Mysql – Looking for an efficient way to fix “Could not parse relay log event entry…” error

MySQLreplication

I have a corrupt relay log in MySQL 5.0 and looking for the steps to fix replication without having to reprocess all the binary logs from the master again.

Here is the full error message if you are curious:
Could not parse relay log event entry. The possible reasons are: the master's binary log is corrupted (you can check this by running 'mysqlbinlog' on the binary log), the slave's relay log is corrupted (you can check this by running 'mysqlbinlog' on the relay log), a network problem, or a bug in the master's or slave's MySQL code. If you want to check the master's binary log or slave's relay log, you will be able to know their names by issuing 'SHOW SLAVE STATUS' on this slave.

The normal fix is quite easy, you just obtain the correct binary log name and position from show slave status and run the change master command. But this is not what I would like to do.

I would like to reprocess only one or few binary logs from the master to recover the corrupted relay log and then continue to use the relay logs that were already created.
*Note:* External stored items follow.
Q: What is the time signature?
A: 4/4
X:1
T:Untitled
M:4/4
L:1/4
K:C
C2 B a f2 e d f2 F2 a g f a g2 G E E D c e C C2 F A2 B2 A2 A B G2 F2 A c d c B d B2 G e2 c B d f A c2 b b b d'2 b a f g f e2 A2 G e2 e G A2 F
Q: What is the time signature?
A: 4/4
I am looking for someone who had past experience doing this as there is a potential for failures doing the recovery this way.

Conceptually, I am thinking the following steps might be needed (maybe some of them are optional):

  1. Stop replication on the slave.
  2. Shutdown slave instance.
  3. Move relay logs to a safe location.
  4. See if relay-log.info or master.info files need to be updated manually.
  5. Start slave instance.
  6. Run change master command and reprocess binary logs from the failed position.
  7. Wait until next relay log is created.
  8. Stop replication on the slave.
  9. Shutdown slave instance.
  10. Figure out how to replace 2nd relay log file with relay logs files that are in the safe location and move them in.
  11. See if relay-log.info or master.info files need to be updated manually.
  12. Start slave instance.
  13. Hope for the best.

I am thinking of an alternate method to do it, which seems much simpler:

  1. Stop replication on the slave.
  2. Shutdown slave instance.
  3. Move relay logs to a safe location.
  4. Start slave instance.
  5. Run change master command and reprocess binary logs from the failed position.
  6. Wait until next relay log is created.
  7. Stop replication on the slave.
  8. Use mysqlbinlog to process the relay logs that are in the safe location by piping to mysql client. Identify which file and position to start at. (Potential for issues, unless aborting processing upon first error).
  9. Set the slave to replicate from master at the read master log file/position.

Best Answer

There is more stable approach you can try

Here is something to remember

Whenever you run CHANGE MASTER TO, it will erase every relay log you have. You do not want to keep relay logs of commands you have not executed any SQL on as of yet

The following is an excerpt taken from a post I made back on Feb 03, 2012 : How to resolve the master server shut down/unavailability in mysql with master - slave replication :

Please notice that there are two sets of replication coordinates from the Master

  • (Master_Log_File,Read_Master_Log_Pos)
  • (Relay_Master_Log_File,Exec_Master_Log_Pos)

There is a major difference between them

  • (Master_Log_File,Read_Master_Log_Pos) tells you the last binlog statement from the Master's log file and log position that the Slave read from the Master and placed in its Relay Logs.
  • (Relay_Master_Log_File,Exec_Master_Log_Pos) tells you the last binlog statement from the Master's log file and log position that the Slave read from the Master and placed in its Relay Logs THAT IS NEXT TO BE EXECUTED ON THE SLAVE.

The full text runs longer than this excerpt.